A defence force colleague, who cannot be named, said in the case of Operation Burnham the plan was to approach the insurgents they were targeting at their most vulnerable point, so the operation could be done as safely as possible.

"At that critical point where they are choosing to fight or give up, we can convince them it's worthless to fight at that time, and remove them from the environment."

Ms Ferris said the list was created through credible and robust reporting, and people on the list had been assessed as posing a threat to Afghani civilians, or coalition or local forces.

Co-author of the book, Nicky Hager, said the JPEL was a kill-list. He said documents released on Operation Burnham described it as 'Deliberate Detention Operations', which he said fell into a different legal area than the JPEL.

He said it, and a separate mission, were done with arrest warrants for the insurgents, who would then be delivered into the Afghan judicial system.

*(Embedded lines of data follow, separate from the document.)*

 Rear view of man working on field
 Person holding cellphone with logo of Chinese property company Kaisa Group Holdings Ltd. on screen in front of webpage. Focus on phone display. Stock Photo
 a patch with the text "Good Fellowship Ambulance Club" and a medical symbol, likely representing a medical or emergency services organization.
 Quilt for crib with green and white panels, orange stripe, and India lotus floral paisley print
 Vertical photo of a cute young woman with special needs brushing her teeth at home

Hager said the judicial process for dealing with insurgents, and the JPEL system, did not fit well together, and created an "incoherent" legal situation.

Expert in international law, Dapo Akande, gave the hearing his opinion on the legal principals around putting insurgents on the list, which meant they could be captured, or killed.

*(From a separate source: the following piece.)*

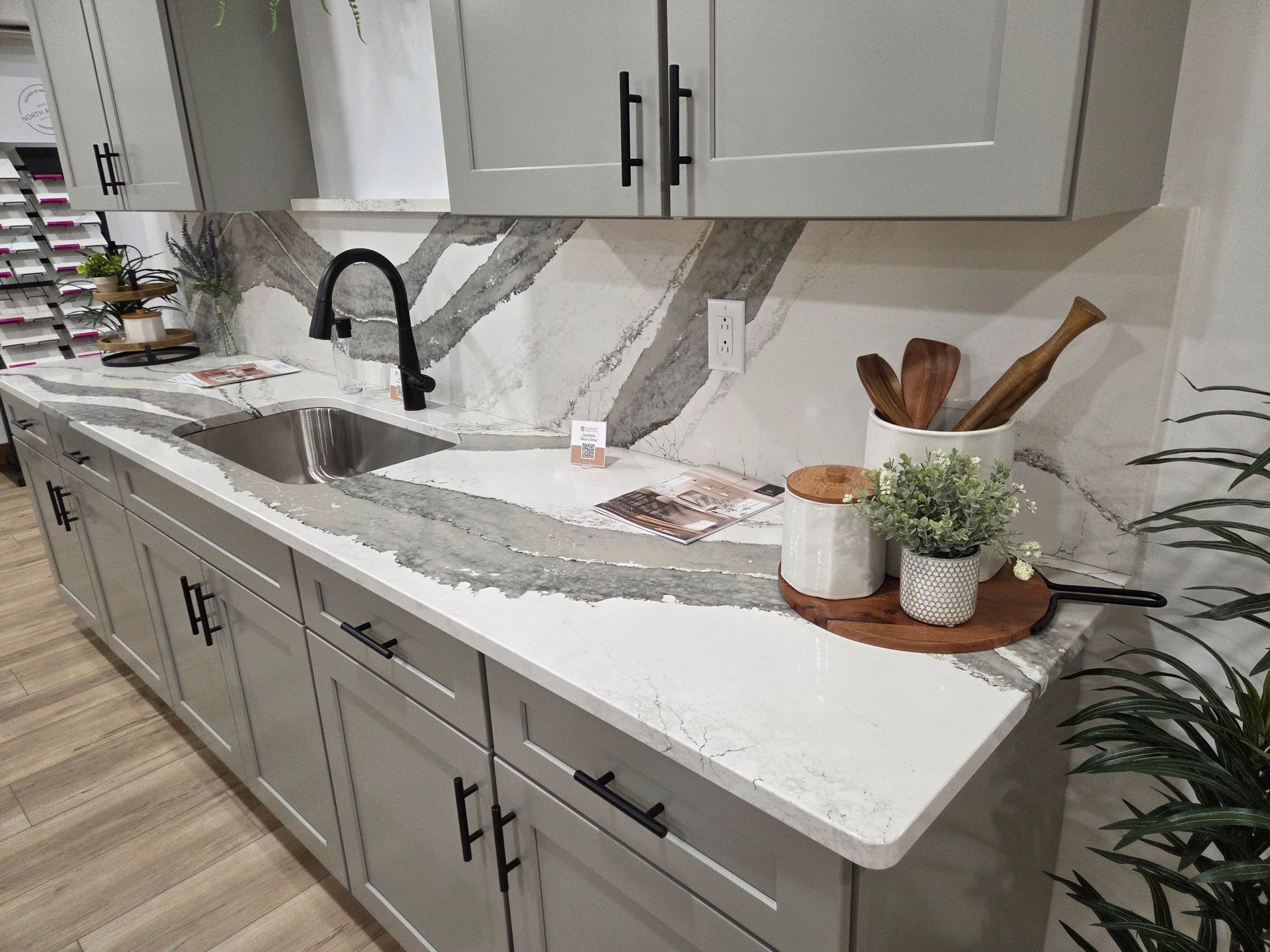 Modern kitchen with white countertops, gray cabinets, farmhouse sink, and decorative items on the island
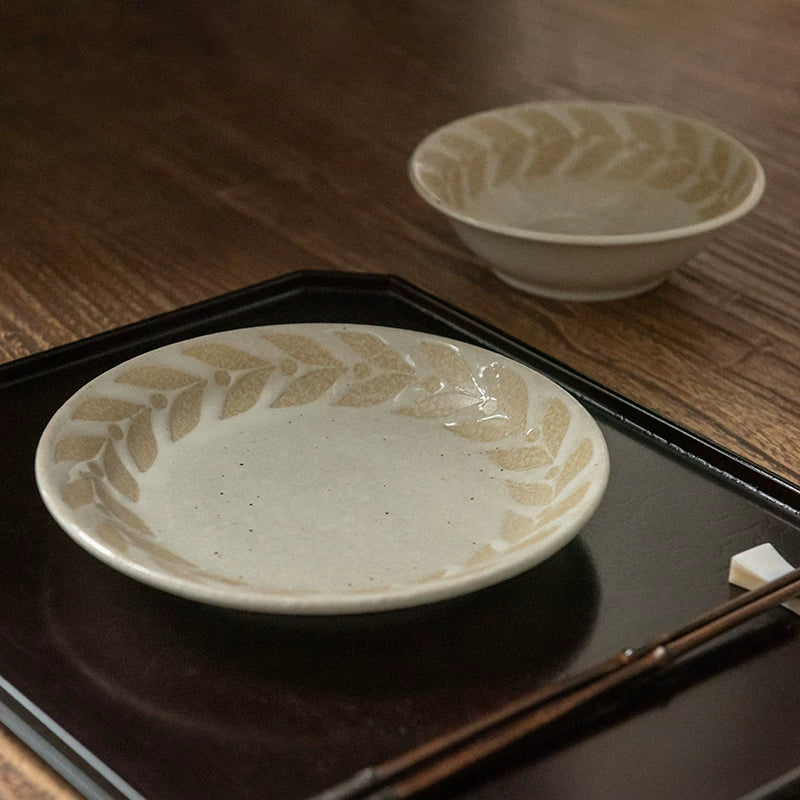 Shallow ceramic bowl with leaf pattern on a dark rectangular serving tray.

He said it appeared the defence force had taken one approach under international law, which was that the insurgents in Afghanistan were civilians involved in hostile activities.

This left them open to attack under international laws.

He said there were two ways to consider someone as taking part in hostilities, either they were part of a group, or they had specifically taken direct part in hostilities.

The defence force considered someone was taking part in the conflict when they did things that were likely to cause harm to soldiers, or equipment of coalition forces.

Mr Akande said an NZDF brief stated that "those attempting to be 'farmers by day and fighters by night' lose protection from attack even in the periods between hostile acts".

He said it was important that once someone was on the list - their inclusion on that list was reviewed to make sure they still belonged on it.

He said his opinion was that International Humanitarian Law did not require a force to capture, rather than kill.

The fourth public hearing will be held in September.